Certa Manhã Acordei de Sonhos Intranquilos is the fourth studio album of Brazilian singer Otto’s solo career, released in 2009. The album blends elements of manguebeat, rock, and música popular brasileira.

== Background ==
Otto's work in Certa Manhã Acordei de Sonhos Intranquilos was primarily inspired by Franz Kafka's, The Metamorphosis, strong connections between the singer's personal life and its relationship to Kafka's book. The album’s title is a transcription of the first sentence of Kafka’s novel, The Metamorphosis, in which a man wakes up transformed into a cockroach:

One morning, when Gregor Samsa woke from troubled dreams
— Franz Kafka

According to Otto, these restless dreams refer to the negotiations with record labels, a factor that ultimately led to the album’s independent production, in addition to his divorce from actress Alessandra Negrini. The album’s production brought together different musical styles, represented by the artists who contributed to it, such as Mexican singer Julieta Venegas, as well as São Paulo-based singer Céu and the Pernambuco-based bands Nação Zumbi and Cordel do Fogo Encantado. Singer Bebel Gilberto was supposed to appear on the album but was unable to due to scheduling conflicts. The album cover art was created by the artist Tunga.

== Track list ==

| No. | Title | Writer(s) | Length |
|---|---|---|---|
| 1. | "Crua" | Otto | 3:30 |
| 2. | "O Leite" (featuring Céu) | Otto | 2:49 |
| 3. | "Janaína" | Otto, Pupillo, Fernando Catatau, Dengue | 4:40 |
| 4. | "Meu Mundo Dança" | Otto, Pupillo, Rica Amabis | 3:33 |
| 5. | "6 Minutos" | Otto, İlhan Erşahin | 5:57 |
| 6. | "Lágrimas Negras" (featuring Julieta Venegas) | Jorge Mautner, Nelson Jacobina | 3:33 |
| 7. | "Saudade" (featuring Julieta Venegas) | Otto, Fernando Catatau, Julieta Venegas | 3:23 |
| 8. | "Naquela Mesa" | Sérgio Bittencourt | 4:08 |
| 9. | "Filha" | Otto | 4:57 |
| 10. | "Agora Sim" | Otto, Pupillo | 3:59 |
| Total length: |  |  | 40:29 |

== Release ==
The album was released on CD in 2009. In 2015, the album was re-released on vinyl.

== Reception ==
Bruno Saito, writing for the Folha de S. Paulo newspaper, described the album as excellent, noting that: “He reemerges reinvigorated, illustrating the romantic idea that moments of crisis give rise to beautiful works of art. Certa Manhã Acordei de Sonhos Intranquilos is, by far, Otto’s best and most vigorous album.” The newspaper O Estado de S. Paulo described the album as “redemptive.”

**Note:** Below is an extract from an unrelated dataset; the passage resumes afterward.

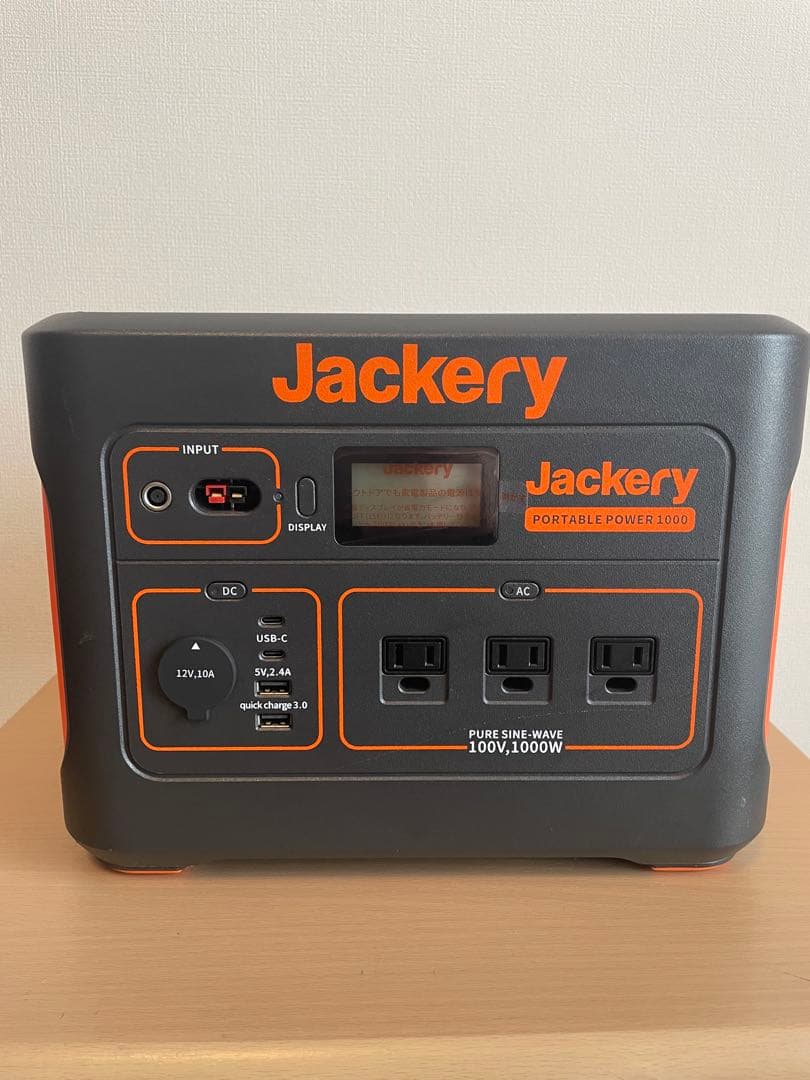 Jackery Portable Power 1000 ソーラーパネル付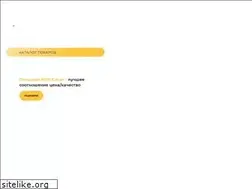 Sites similar to powersol.com.ua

Larry Rohter of the American newspaper The New York Times praised the album, stating, “In the world of Brazilian music, Otto occupies a place as unusual as his name. For more than a decade, he has been seen as the guy who blends electronic music with traditional African rhythms he encountered while growing up in a small town in the countryside, a sort of ‘Moby of the countryside.’”

=== Legacy ===

In a poll conducted in May 2022, the album ranked 312th place a list of the 500 best Brazilian albums, according to a survey of more than 160 music experts conducted by the Discoteca Básica podcast. Another of the musician's works is mentioned on the list, Samba pra Burro, from 1998, ranked 331st. That same year, Otto gave an interview to discuss the album with drummer Charles Gavin on the show O Som do Vinil, broadcast on Canal Brasil, during which Gavin praised the album's “diversity.”

In 2023, Brazilian journalist and music critic Luiz Felipe Carneiro ranked the album 12th in his series on the best Brazilian music albums of the 2000s.